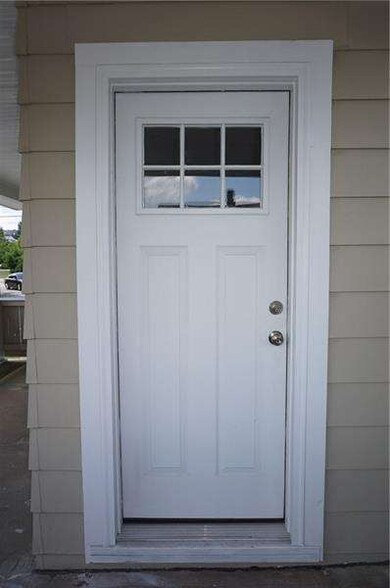 New exterior doors as well as interior doors.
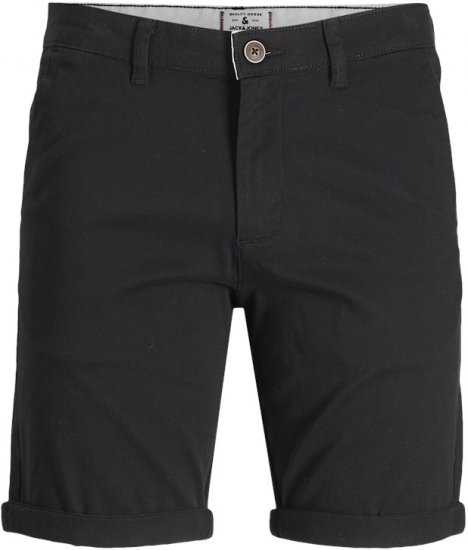 Jack & Jones Dave Chino Shorts Black - Kratke hlače - Moške Kratke Hlače za Močnejše Postave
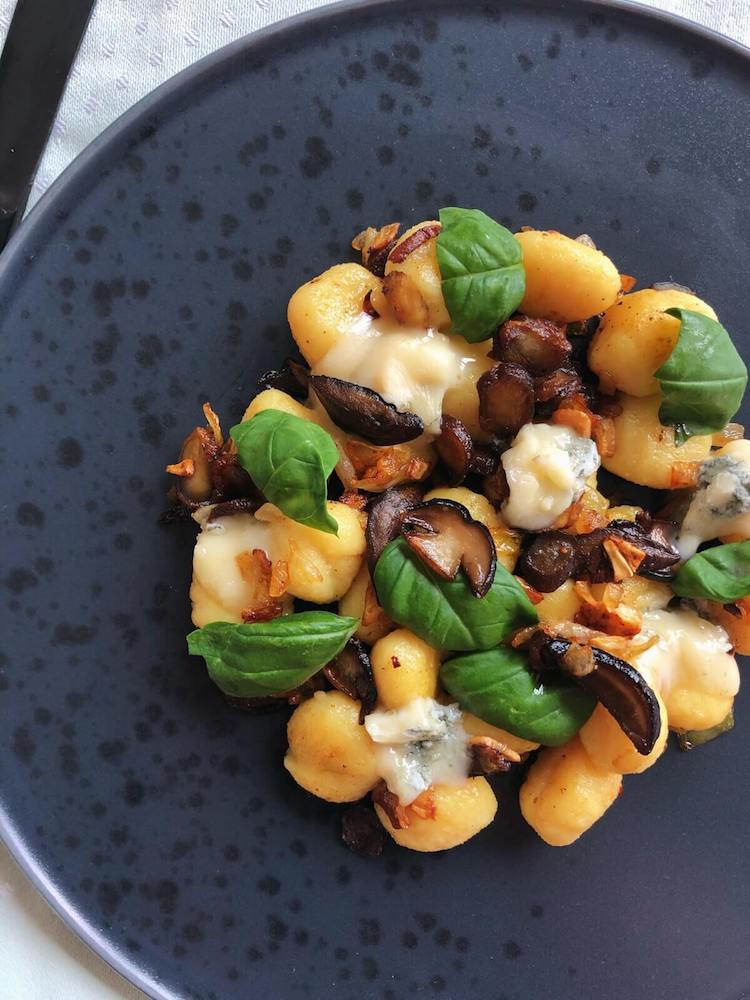 Gnocchi med Skælrørhat opskrift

_ _ _

Omit the pictures and repeat the rest of the listing verbatim.

 New exterior doors as well as interior doors.
 Jack & Jones Dave Chino Shorts Black - Kratke hlače - Moške Kratke Hlače za Močnejše Postave
 Gnocchi med Skælrørhat opskrift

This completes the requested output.